Türk edebiyatında popüler roman Cumhuriyet devrinde ise daha fazla gelişme göstermiştir. Bu dönem popüler romanların sayısının gittikçe artmasını yeni rejime, yeni harflerin yaygınlaşmasına bağlayanlar vardır.

Ahmet Oktay’a göre, “Söylemek gerekir ki, sadece vakit öldürmek amacıyla yazılmamıştır bu kitaplar. En azından bir zamanlar bu amaçla yazılmamışlardır. Popüler yazın,

özellikle harf devriminden sonra okuma-yazma hevesi uyandırmada, geniş halk kesimlerine yeni rejimin ilkelerini benimsetmede öncelikli bir rol üstlenmiştir.”(Oktay, 1993: 125)

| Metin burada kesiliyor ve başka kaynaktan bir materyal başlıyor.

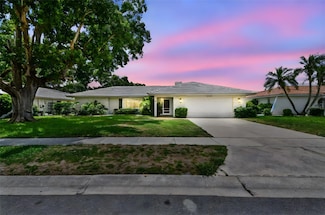 2418 Cardwell Way, Sarasota, FL 34231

Fatih Andı’nın değerlendirmesinde bu dönemde en çok yazılan romanların popüler romanlar olduğundan bahseder, “…Türk edebiyatında 1940-1950 yılları arasında sayıca en çok roman yazmış ve en çok okunmuş, dolayısıyla romanları en çok baskıyı yapmış romancılar popüler roman türünün de önemli yazarları arasında yer alan; Kerime Nadir, Esat Mahmut Karakurt, Mahmut Yesari, Nezihe Muhittin, Oğuz Özdeş, Peride Celal, Reşat Enis, Mükerrem Kamil Su, Güzide Sabri, Muazzez Tahsin, Server Bedi gibi yazarlardır...”(Andı, 2013: 93)

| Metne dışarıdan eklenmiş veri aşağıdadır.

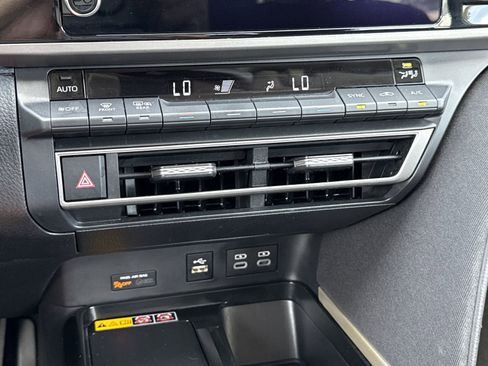 Used 2025 Toyota Camry LE FWD image 24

Berna Moran, 1950-1975 arası romanlarını değerlendirirken, “Anadolu romanı şeklinde nitelediği genelde düzenle uzlaşmayan, isyan ederek toplumun dışına çıkan, ezilmiş insanların romanı olduğunu söylediği, sadece Anadolu köy ve kasabalarındaki yaşamı ve insanları anlatmayıp, toplumsal yapıdan kaynaklanan haksız bir düzenin yol açtığı az çok ortak bir sorunsalı konu edinen bu dönem romanlarının izlerinin 1950’ler öncesinden başladığını belirtir.” (Moran,1991: 7-8,243-244’den aktaran; Yıldız, 2010: 100)

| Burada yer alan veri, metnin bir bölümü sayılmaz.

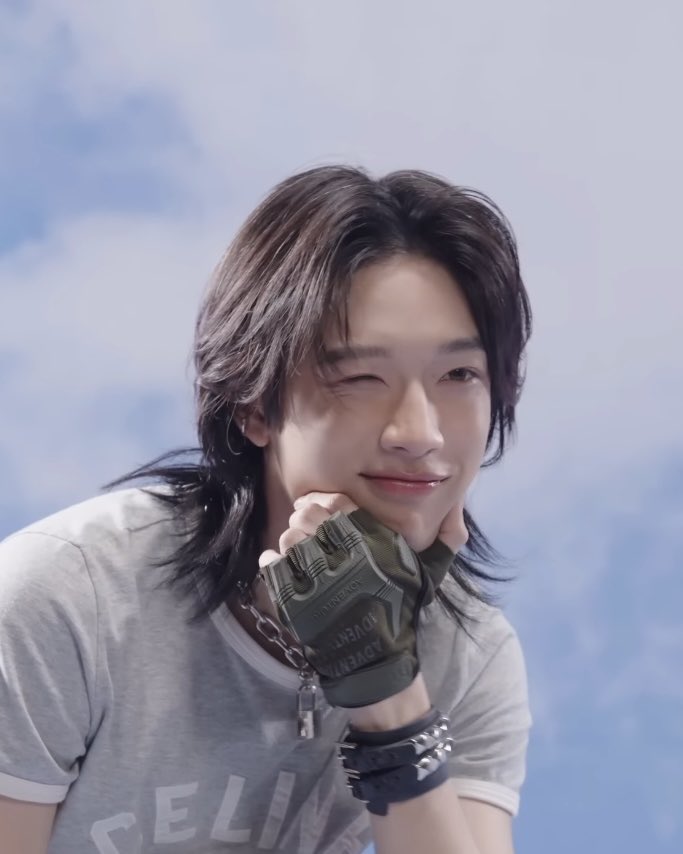 æ ชริ tweet media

Cumhuriyet dönemi popüler romanlarını Alpay Doğan Yıldız şöyle değerlendirir: “Hiçbir zaman yüksek edebiyat içinde değerlendirilmeyen, eleştirmenlerden ya da tarihçilerin ilgisini çekmeyen tarihsel serüven romanları, cumhuriyet in ilk yıllarında Türkiye de en çok baskı yapan ve okunan romanlardan oluşur. Cumhuriyet Dönemi Türk edebiyatının birinci dönemi olarak kabul edilen 1923-1950 yılları arasında yer alan 1930-1950 yılları popüler Türk romancılığının aşk romanları ve tarihi romanlar olmak üzere iki ana çizgide seyrettiği söylenebilir. Bugün de iletişim teknolojisinin büyük boyutlara ulaşmasına, sinema, televizyon ve videonun sınırsız imkân ve kolaylıklara rağmen aşk romanları en çok okunan kitaplardır. Popüler romanlar, özellikle harf devriminden sonra okuma –yazma hevesi uyandırmada, geniş halk kitlelerine yeni rejimin ilkelerini dile getirmede etkin bir rol üstlenmiştir. Edebiyat özellikle de roman kitle iletişim araçlarının yokluğunda, ideolojinin topluma nüfuz etmesini saylayacak en etkili silahtır. Söz konusu romanların Yeşilçam’a ilham vermeleri nedeniyle, geçerli etkilerinin sanıldığından daha derin olduğu da söylenebilir.” (Yıldız, 2010: 106-108,112)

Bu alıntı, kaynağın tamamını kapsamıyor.